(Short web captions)
○ ○ ○ ○ ○
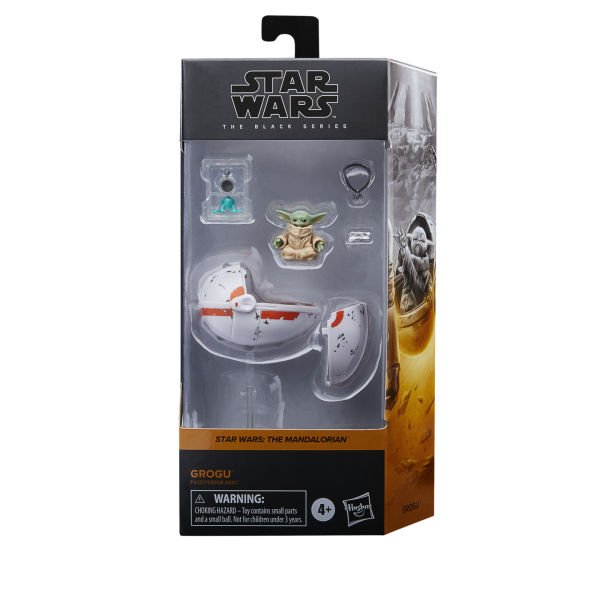 Hasbro Star Wars
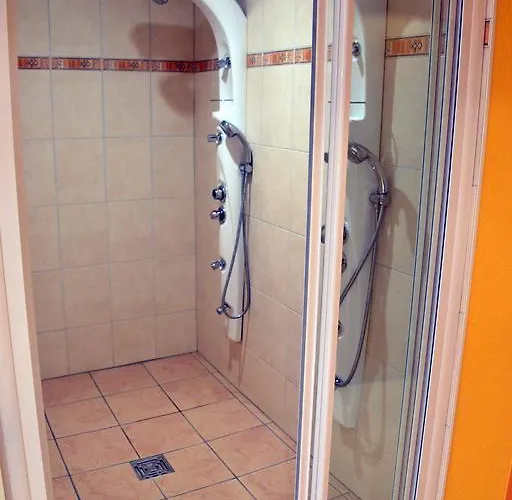 Hotel-restaurant Ronalp Отель 3*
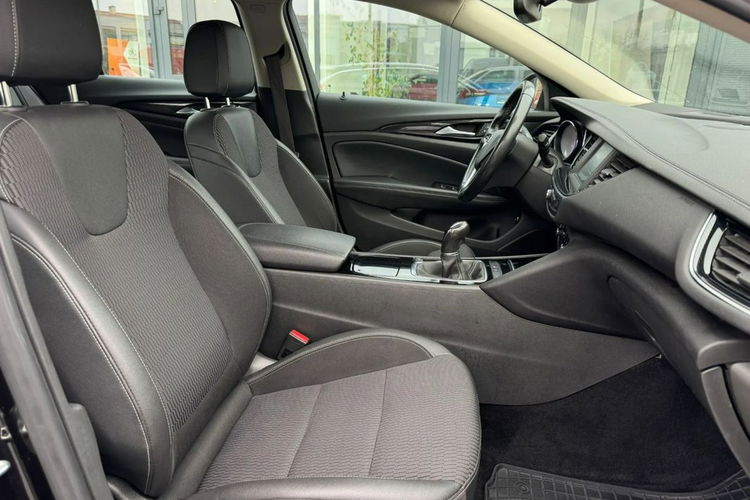 Opel Insignia Salon Polska , Pierwszy Właściciel, Serwis, Vat23% GWARANCJA zdjęcie 18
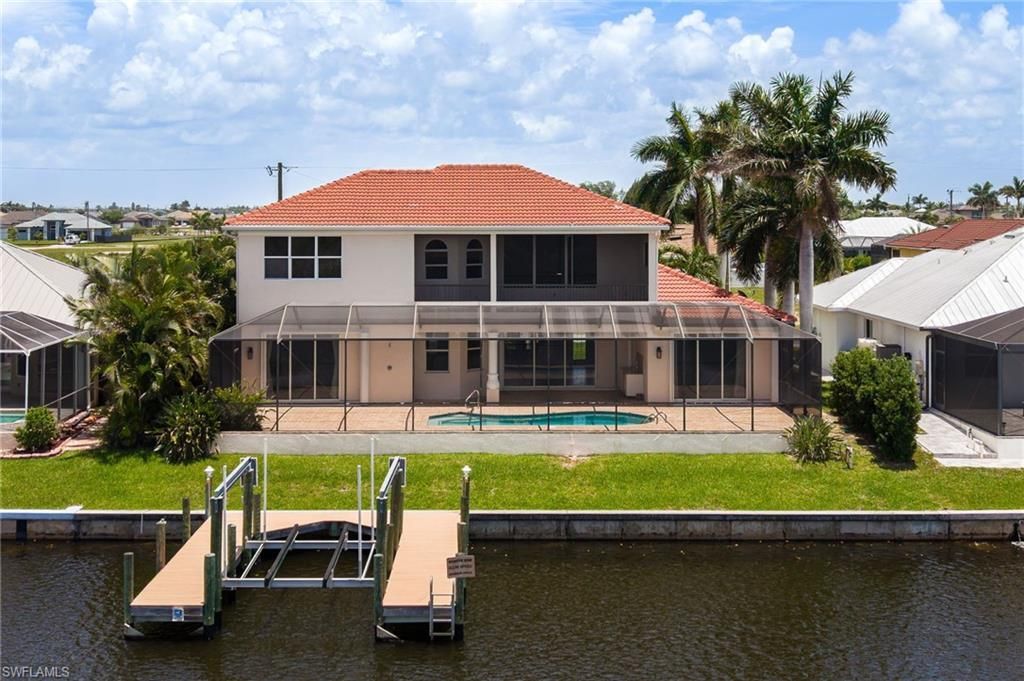 1128 NW 43rd Ave, Cape Coral, FL 33993 Photo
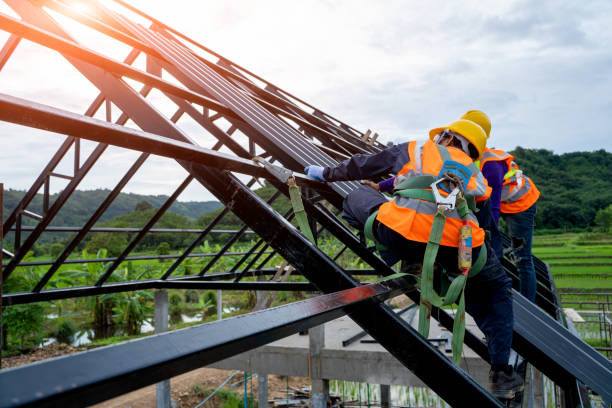 Best Storm Damage Roof Repair  in Oakland, OR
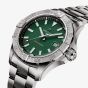 Breitling Avenger Automatic 42 Green Watch A17328101L1A1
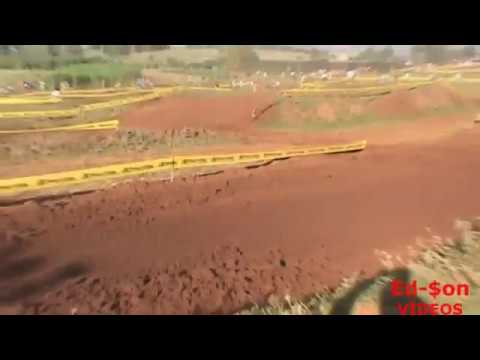 Moto cross - Fetexas Jacarezinho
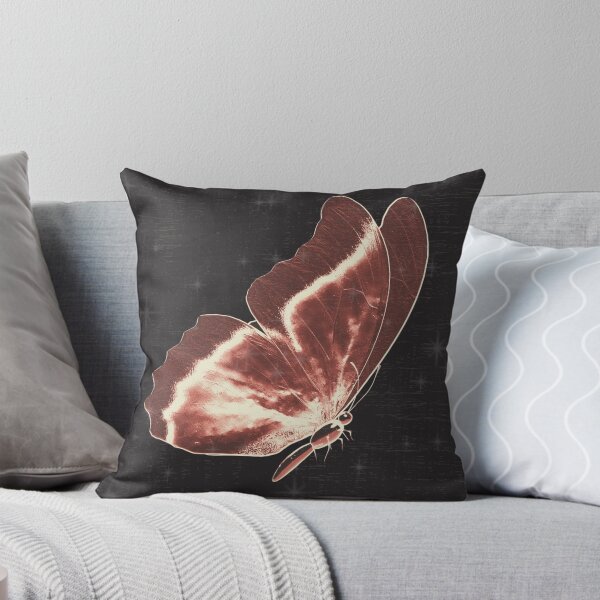 Item preview, Shiny Butterfly Print designed and sold by noiramcreates.
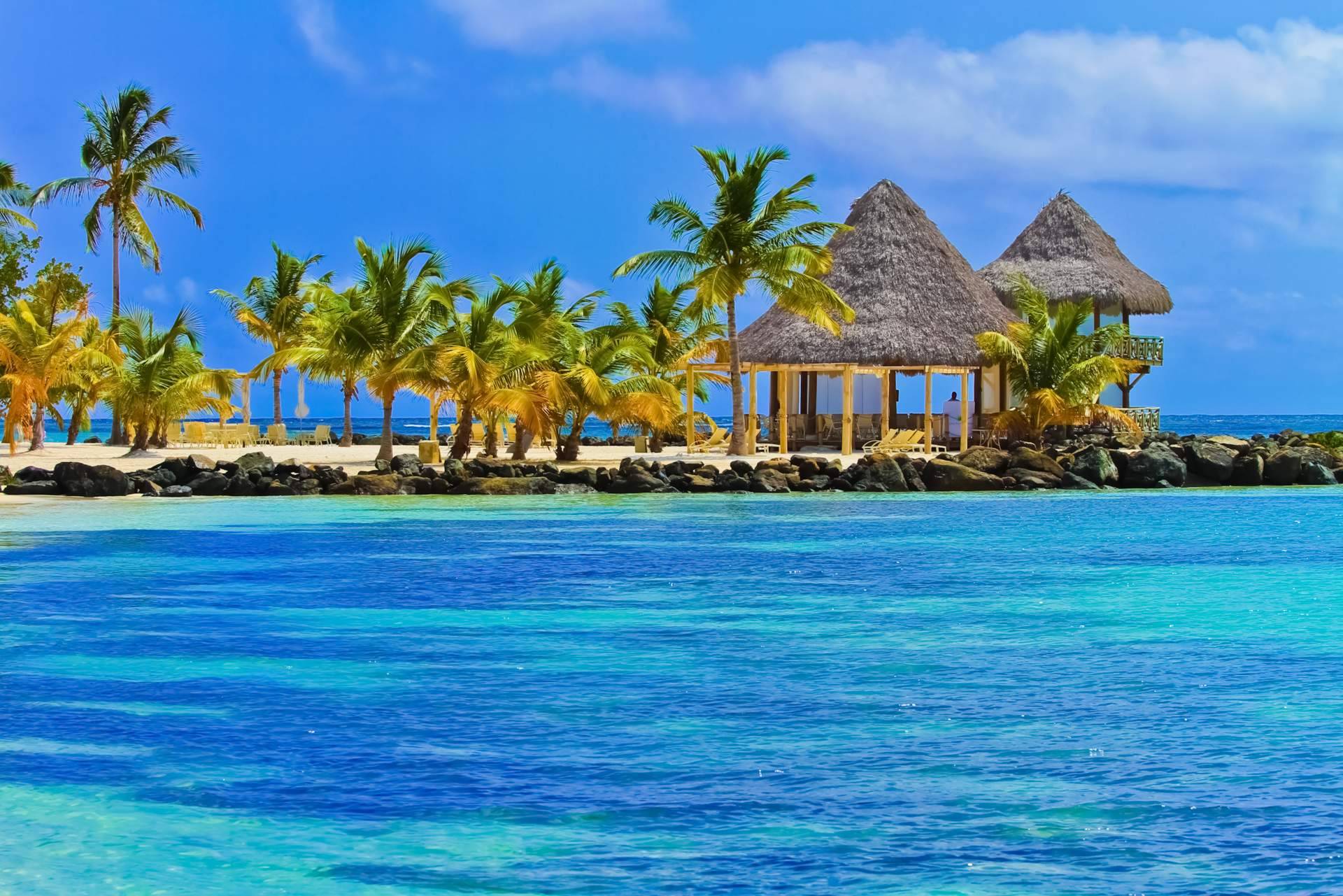 Oportunidades de inversión en Punta Cana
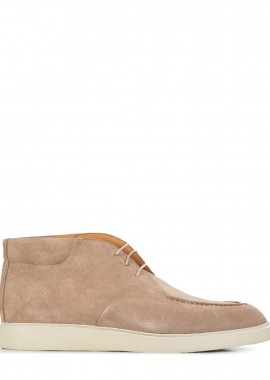 Μπότες - Μποτάκια ανδρικές Sigotto Πούρο 1070 261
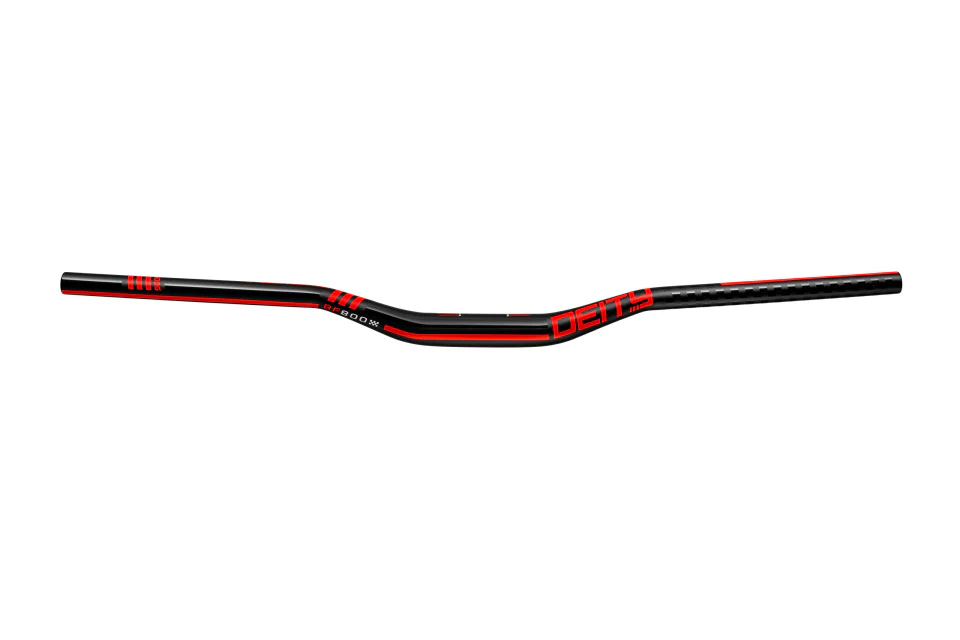 Deity Brendog 31.8mm Handlebars - Image 3
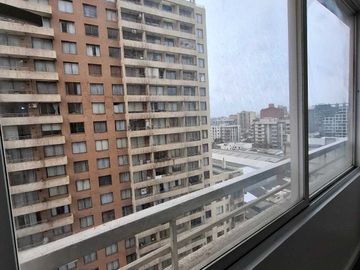 Departamento en arriendo  en SANTIAGO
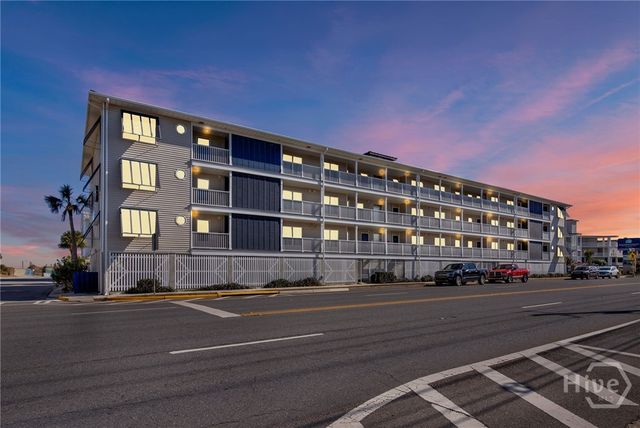 3 3Rd Street 524, Tybee Island, GA 31328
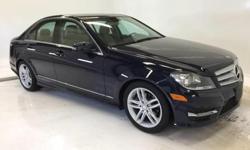 CarFax One Owner and CLASSY RIDE. 4MATIC?. All Wheel Drive! STOP! Read this! You'll be hard pressed to find a cleaner 2012 Mercedes-Benz C-Class at this price than this low-mileage creampuff. Replete with all the bells and whistles.
Our Location is: Ed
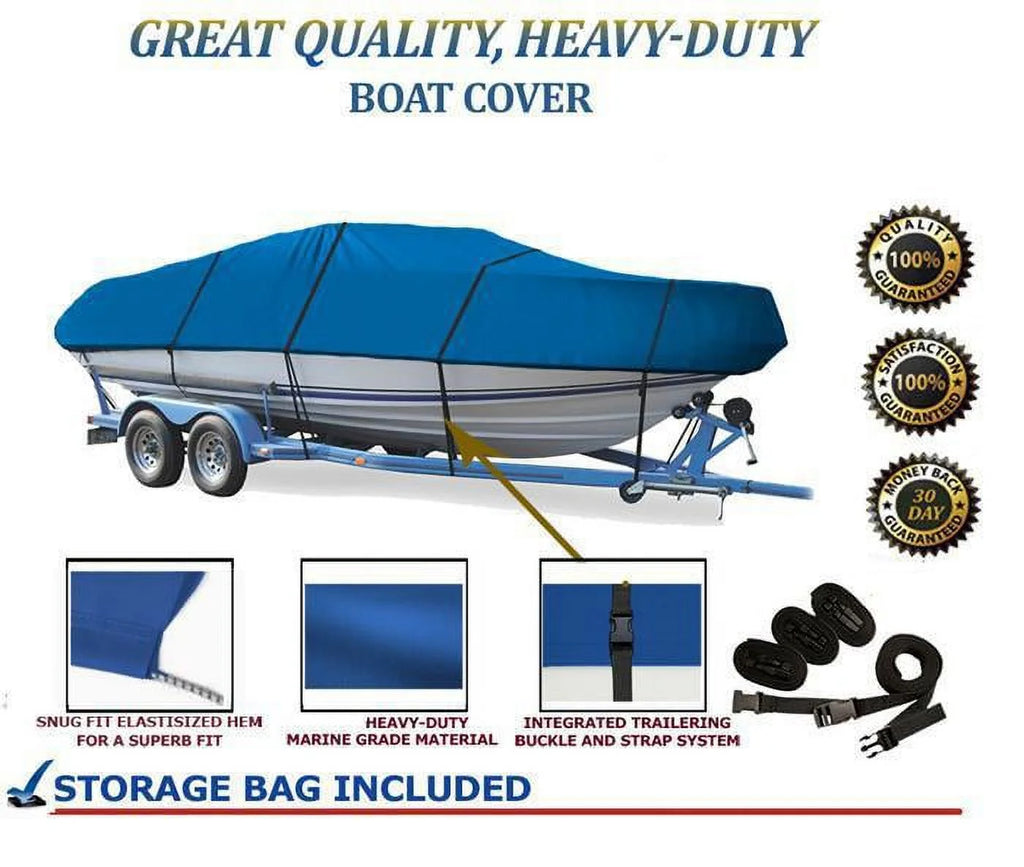 Boat Cover K112344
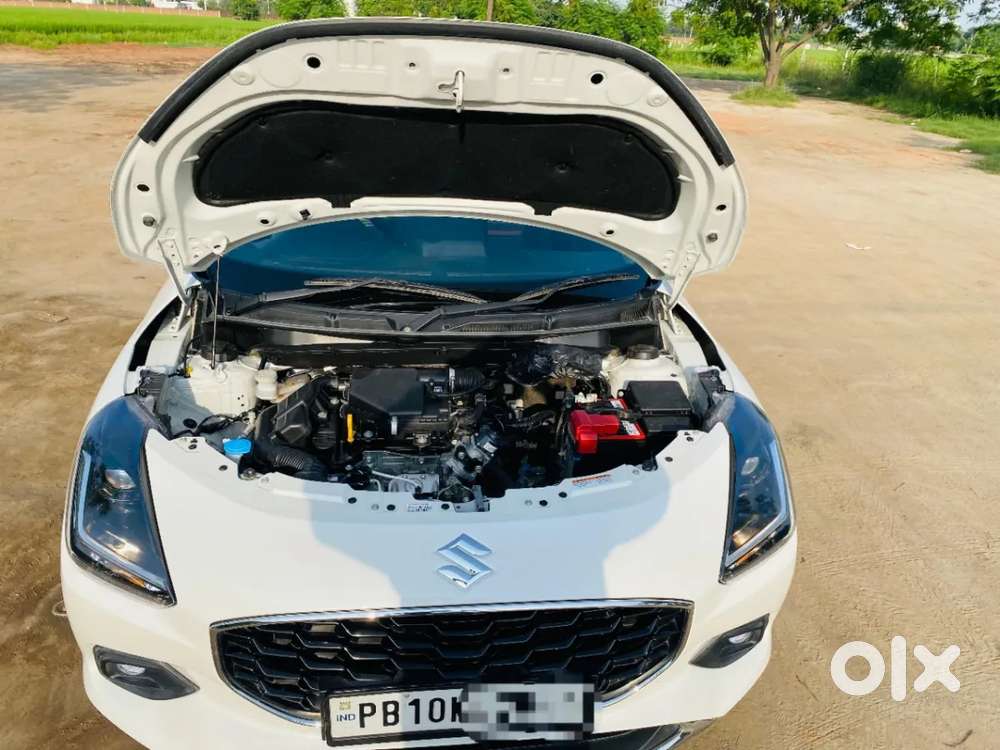 Maruti Suzuki Swift Vxi, 2026, Petrol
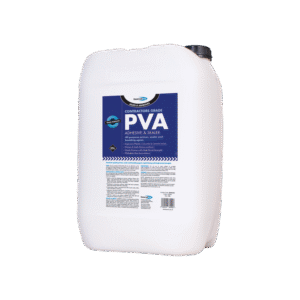 Contractors PVA Adhesive & Sealer 5L - Image 4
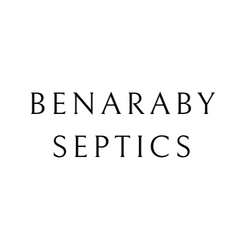 Benaraby Septics logo
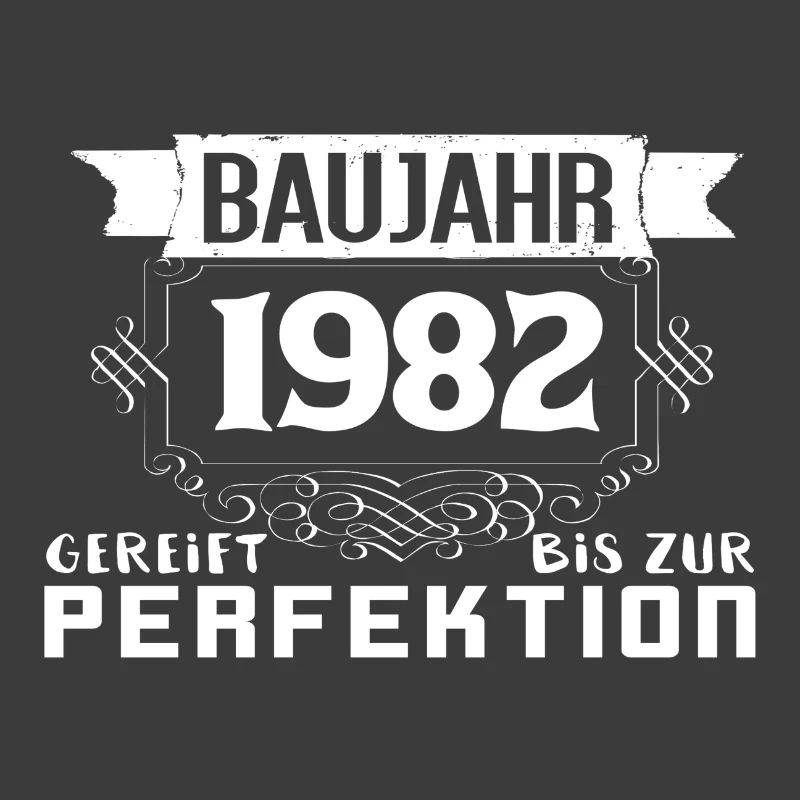Baujahr 1982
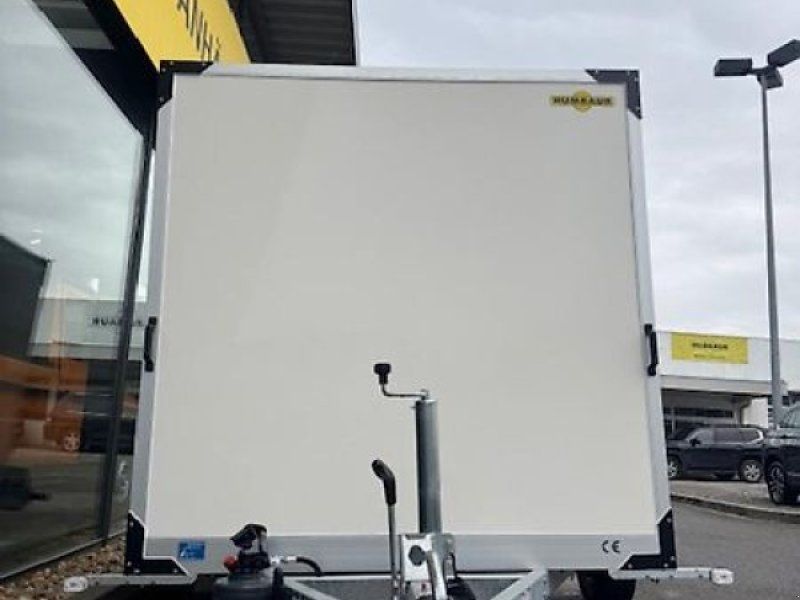 Humbaur HKT 183117 S Koffer absenkbar 1,8t.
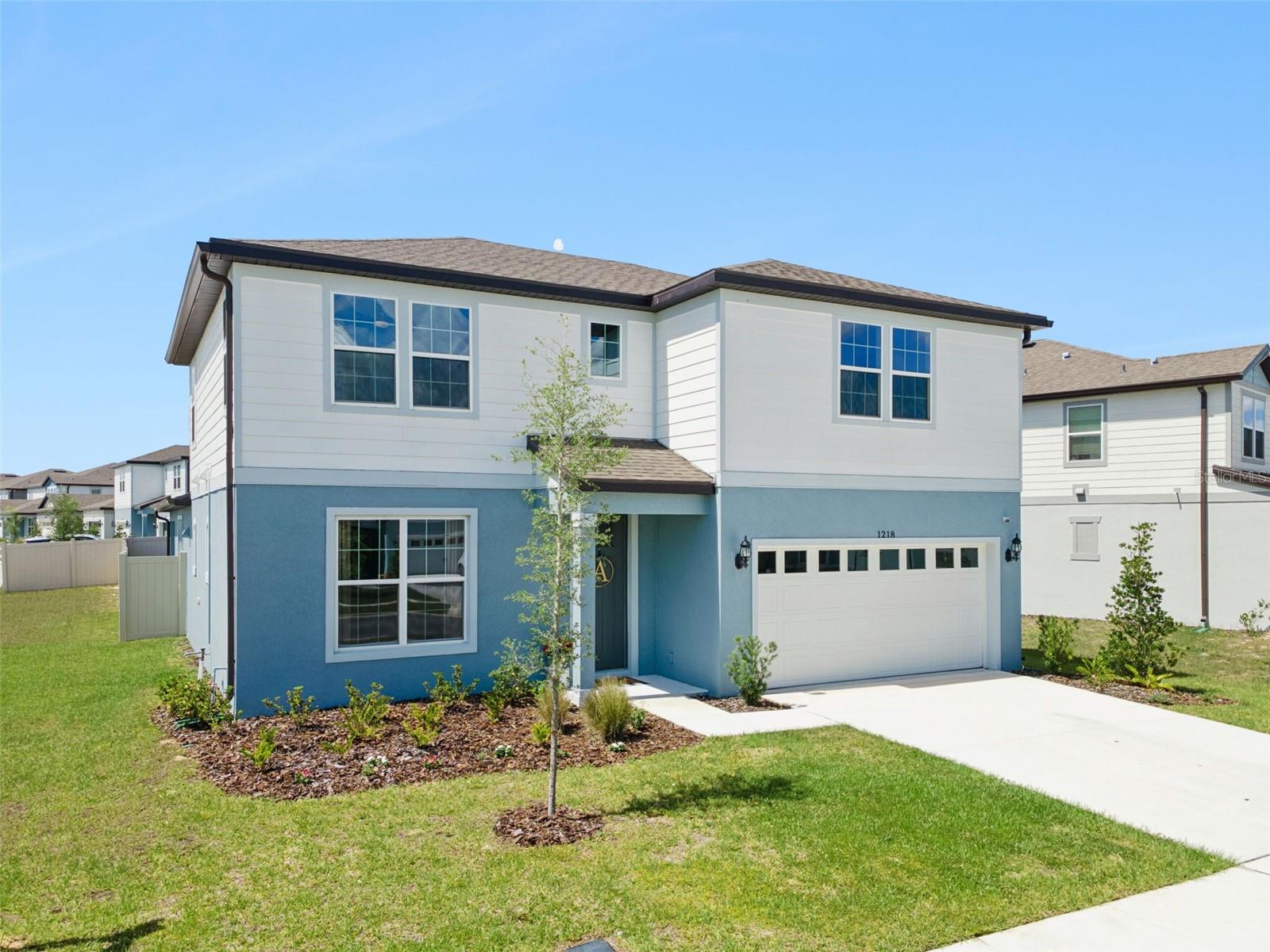 SILVERLAKE - Residential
○ ○ ○ ○ ○
● Work instructions:
The answer consists solely of the lines from the one holding "Humbaur HKT 183117 S Koffer absenkbar 1,8t." through the final line of the records, both ends included, each duplicated exactly. Leave images out.

● Exercise response:
 Humbaur HKT 183117 S Koffer absenkbar 1,8t.
 SILVERLAKE - Residential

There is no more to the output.